■ The problem: Without the pictures, write out all the lines below exactly as they appear.

■ Source material:
+---+

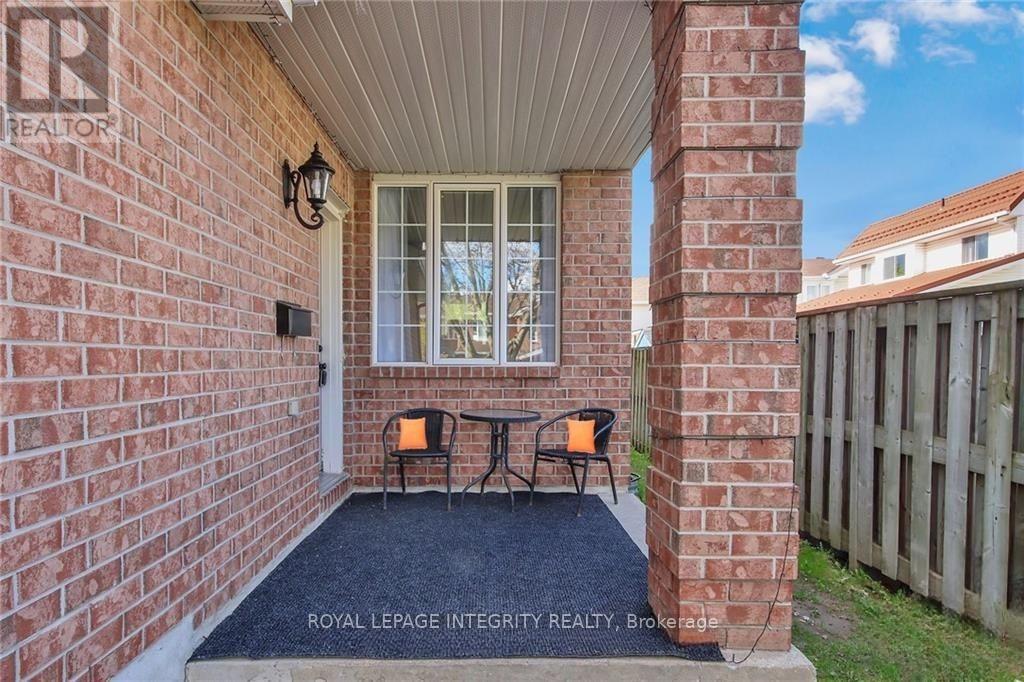 77 Daventry Crescent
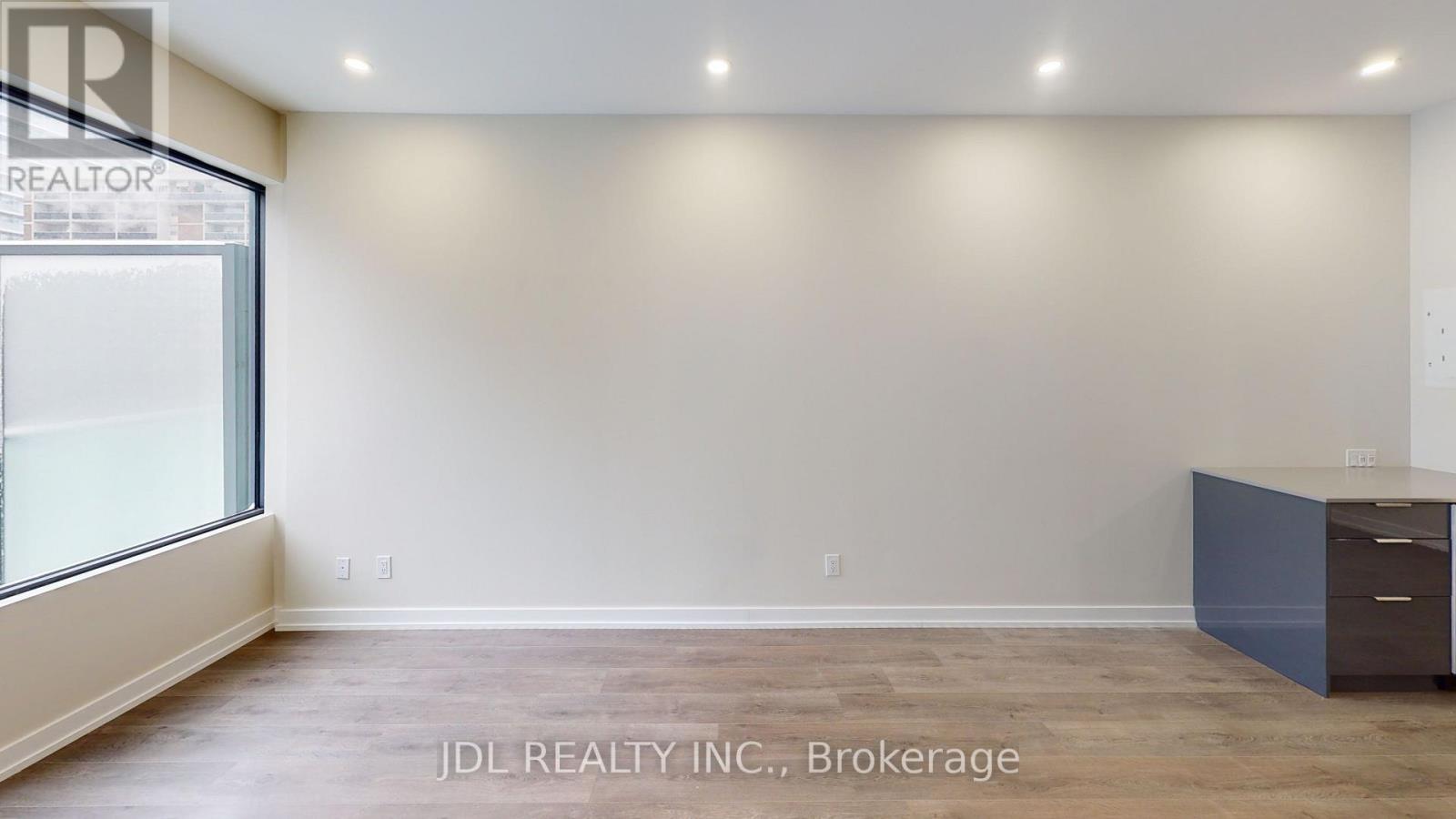 703 - 161 Roehampton Avenue, Toronto, Ontario  M4P 0C8 - Photo 6 - C12945218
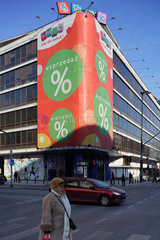 Warschau  Polen  Werbeplakate und das alte Kaufhaus fuer Kinder SMYK
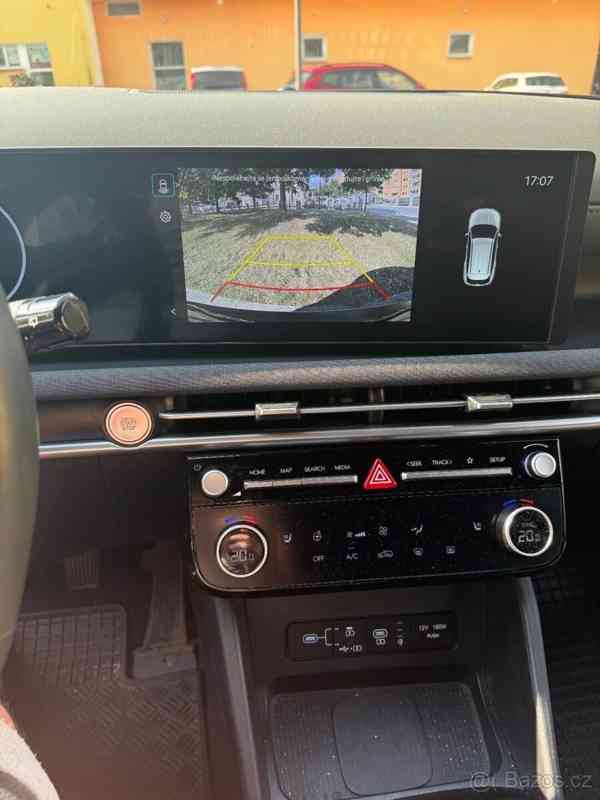 Hyundai Tucson 1,6   TGDI Edice 20 years - foto 4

+---+

■ Completed exercise:
 77 Daventry Crescent
 703 - 161 Roehampton Avenue, Toronto, Ontario  M4P 0C8 - Photo 6 - C12945218
 Warschau  Polen  Werbeplakate und das alte Kaufhaus fuer Kinder SMYK
 Hyundai Tucson 1,6   TGDI Edice 20 years - foto 4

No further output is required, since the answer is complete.